With the Thaw, the socialist internationalism of the early Soviet period returned. In political discourse, the dream of building a true Communist society was revived, and Khrushchev promised that communism would be achieved by 1980. In the meantime, he made “peaceful coexistence” with the capitalist West a state dogma, presenting it as the only alternative to “the most destructive war in history.” This had a profound cultural impact. Foreigners were no longer portrayed as enemies. At the Geneva Summit of 1955, the heads of state of the USSR, the US, France, and Great Britain discussed ways of easing East–West tensions. The legacy of that summit was a system of cultural exchange between the USSR and Western countries that became an essential component of the cold war order. Art was to overcome divisions of geography, history, and ideology.

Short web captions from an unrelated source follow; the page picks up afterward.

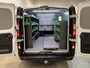 Renault Trafic 2.0 Blue dCi 150 PK L2H1 Advance Automaat Servicebus / Inrichting / Euro 6 / Schuifdeur L + R / 220V. / Airco / CarPlay / Camera / Trekhaak / Cruise Control / LED / 3-Zits / 62.800 KM !!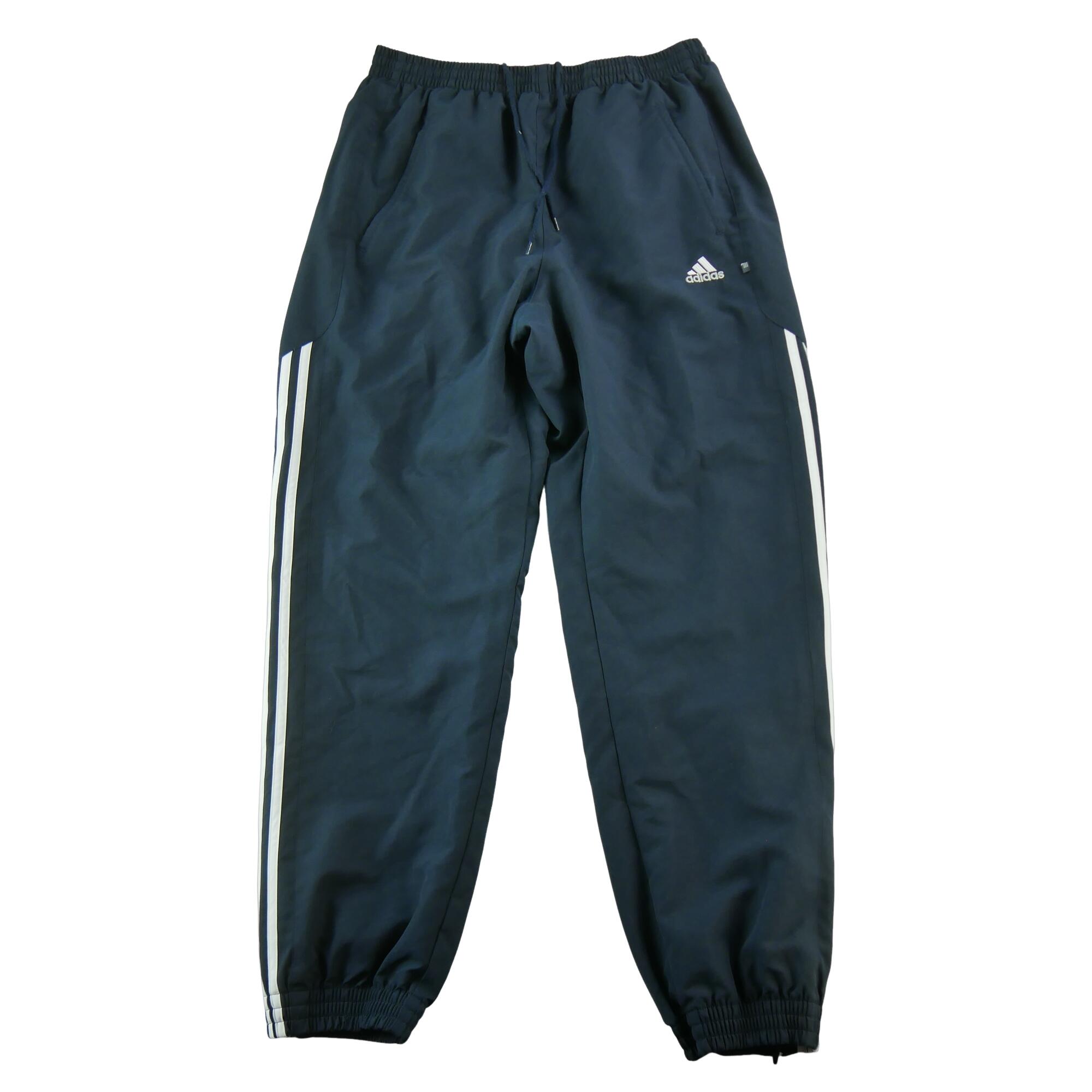 ADIDAS picture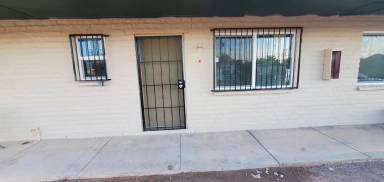 Main picture of 125 E 34th St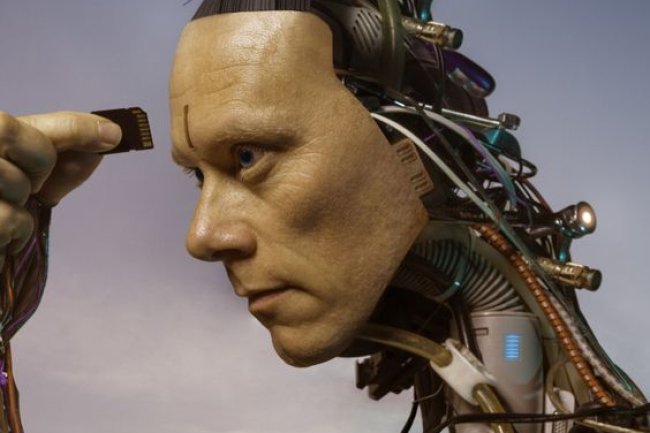 Is there any free AI writer QuillBot?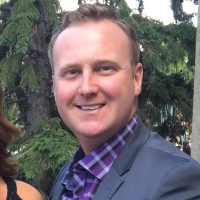 Dustin Watson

The Kremlin saw that it was losing the propaganda war for the allegiance of Europeans. Under the Marshall Plan, the United States had launched a huge information campaign, flooding Europe with books, movies, art, and popular music that would “reflect the best elements of American life.”2 The only audience in Europe for the cultural propaganda of the Soviet Union were scant numbers of Communist true-believers in marginal organizations. The Kremlin launched new initiatives to win over Western intellectuals directly. In the late 1950s and early 1960s, Hemingway, Graham Greene, Arthur Miller, Heinrich Böll, Stanley Kramer, and Fellini were among many writers and artists who visited Moscow to participate in lavish cultural festivals.

Ehrenburg, who survived Stalinism, had always been one of the “visionaries of internationalism,” as Gilburd writes. In 1954 he set the new mood, calling for a “culture of emotions” that would help “an individual to understand his fellow human being.” His place at the heart of cultural diplomacy is a leitmotif in both Golomstock’s and Gilburd’s stories of the Thaw. Ehrenburg’s view of the world beyond the Soviet border did much to define the tastes of his fellow citizens. Throughout his career, he maintained a precarious balance between risk and circumspection, working within the system, outplaying enemies of the Thaw, yet never choosing dissidence. “Even in the most boring of the novels he wrote,” Golomstock remembers, he “always went to the brink of the forbidden, just crossed that line.” He was his “country’s most prolific traveler,” a unique intermediary with the West. As a young revolutionary exile in Paris in 1910, he had mixed with modernist artists in the cafés of Montparnasse. He reported from the front lines during World War I and the Spanish Civil War, in which he also fought on the Republican side, a comrade-in-arms of Hemingway. During World War II he was embedded with the Red Army, writing ferocious anti-German articles for Soviet war propaganda. After the war, he was elected to the Supreme Soviet and awarded a Stalin Peace Prize.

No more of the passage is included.